Virginia-based Wright Shooting Concepts have come up with an aftermarket accessory for your slide that will allow those who have experienced grip issues or just want more beef to grab on to when clearing a malfunction some extra purchase on their pistol.
The device is simple, replacing the rear slide cover plate with a small double-sided grip, modeled after that found on the end of the AR-15 series rifle's charging handle. This would allow a more tactile surface to rack the slide which could in turn prove beneficial in an emergency action drill (say when you have a double feed and just really need to put the English on the slide) or for those who need to rack one-handed (should your off hand be out of action) or if you have a rear mounted optic that makes your Glock awkward to chamber.
According to the company's website:
"TacRack was developed by Brandon Wright and engineered by Fritz Borke. Made of 6061 Aluminum and CNC machined for a true fit, this tool is a must have for anyone running a Smith and Wesson M&P or Glock handgun. Whether you're using two hands to rack your slide or only able to use one, TacRack increases reliability of racking the slide."
Let's see it in action:
A TacRack Review
The company retails them for $29-$35 depending on whether you get a plain one or one that is engraved for a little extra swag.
But can you holster with it?
It looks fine in this drop leg duty holster, however, feedback from someone carrying it in a IWB holster close to the skin could prove different.
Late to the party?
While the TacRack is neat, it's not the only slide pull/assist on the market for Glocks. Here are at least three we can think of that are about the same price (and feel free to drop others in the comments below we may have missed).

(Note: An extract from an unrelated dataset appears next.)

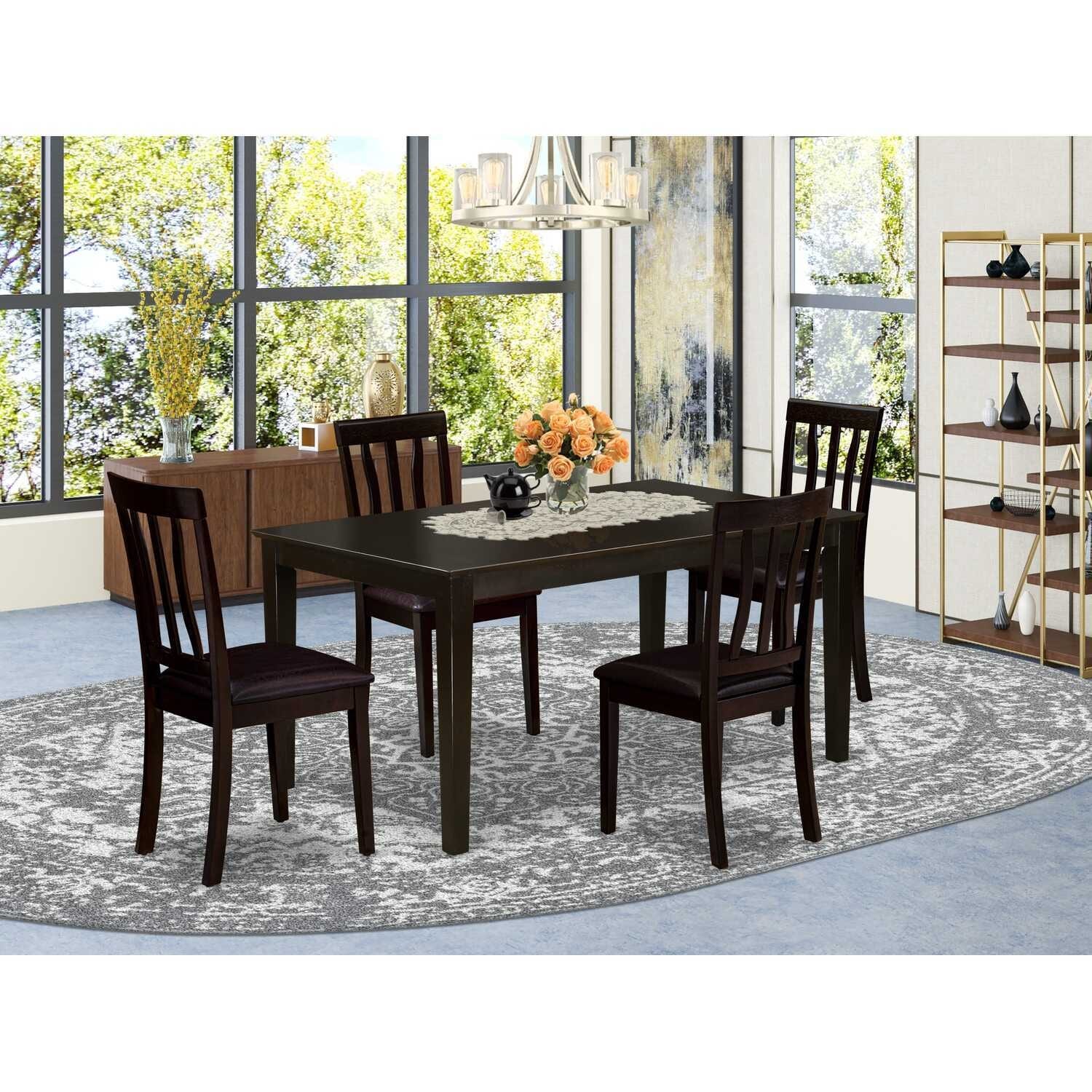5-Piece Cappuccino Solid Wood Top - Dining Room Set - Seats 4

--Brownells has for years pushed the Slide Racker, a $35 aluminum extension lever that hangs off to the left or right (at the shooter's preference) from the back of the slide.
--Brass Stacker's Slide Pull is one of the longest serving offerings on the market and for $45 gives the shooter an ambidextrous pull ring to help work the slide.

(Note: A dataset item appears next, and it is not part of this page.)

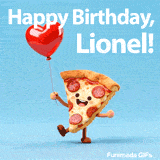 Happy Birthday Lionel greeting with an adorable smiling pizza and a red balloon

--Makos' Charging Handle, like the rest of the field, replaces the slide cover plate with an attachment that includes a slide assist, this time in a barbell shaped extension.
Of course, even with now at least four offerings out there for rear-mounted slide assists, there are many (present company included) who don't have an issue with racking their slide as is-- but I have a rack full of Gen 3 RTF2s so I may be a little biased.